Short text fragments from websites
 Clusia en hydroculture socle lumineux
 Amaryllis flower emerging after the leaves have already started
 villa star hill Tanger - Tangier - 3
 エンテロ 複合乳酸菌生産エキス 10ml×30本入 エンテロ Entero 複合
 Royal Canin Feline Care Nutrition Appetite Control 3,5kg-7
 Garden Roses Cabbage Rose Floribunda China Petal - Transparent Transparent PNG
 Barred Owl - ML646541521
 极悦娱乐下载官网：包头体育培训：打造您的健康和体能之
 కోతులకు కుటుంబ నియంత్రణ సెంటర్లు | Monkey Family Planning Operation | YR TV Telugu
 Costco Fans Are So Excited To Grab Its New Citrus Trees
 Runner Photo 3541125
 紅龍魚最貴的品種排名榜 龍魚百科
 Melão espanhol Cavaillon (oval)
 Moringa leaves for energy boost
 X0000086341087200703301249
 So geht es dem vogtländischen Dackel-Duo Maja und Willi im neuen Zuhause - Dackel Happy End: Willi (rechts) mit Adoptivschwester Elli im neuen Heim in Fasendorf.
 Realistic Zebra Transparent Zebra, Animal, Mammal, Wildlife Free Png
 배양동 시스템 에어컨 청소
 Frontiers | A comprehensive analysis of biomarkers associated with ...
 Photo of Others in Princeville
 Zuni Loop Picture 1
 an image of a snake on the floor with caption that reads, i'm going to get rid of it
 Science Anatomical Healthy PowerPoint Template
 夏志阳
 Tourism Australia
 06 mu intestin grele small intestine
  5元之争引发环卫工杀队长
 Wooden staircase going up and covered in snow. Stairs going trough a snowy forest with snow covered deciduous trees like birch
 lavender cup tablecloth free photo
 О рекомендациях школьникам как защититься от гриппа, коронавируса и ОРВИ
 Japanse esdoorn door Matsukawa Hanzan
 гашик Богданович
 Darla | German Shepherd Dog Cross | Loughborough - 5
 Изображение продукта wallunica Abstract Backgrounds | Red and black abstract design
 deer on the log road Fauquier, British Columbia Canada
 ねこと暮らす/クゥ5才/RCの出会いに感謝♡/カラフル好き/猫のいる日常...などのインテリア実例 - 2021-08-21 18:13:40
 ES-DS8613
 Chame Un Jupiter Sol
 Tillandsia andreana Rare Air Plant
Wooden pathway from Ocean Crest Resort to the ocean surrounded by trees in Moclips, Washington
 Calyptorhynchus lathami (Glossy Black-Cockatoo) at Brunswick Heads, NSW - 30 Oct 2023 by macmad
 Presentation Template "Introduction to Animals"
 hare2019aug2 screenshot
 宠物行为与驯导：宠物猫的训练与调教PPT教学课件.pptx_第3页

Work instructions
Go through the entries above and pull out each line with "Transparent" in it.

Output below
 Garden Roses Cabbage Rose Floribunda China Petal - Transparent Transparent PNG
 Realistic Zebra Transparent Zebra, Animal, Mammal, Wildlife Free Png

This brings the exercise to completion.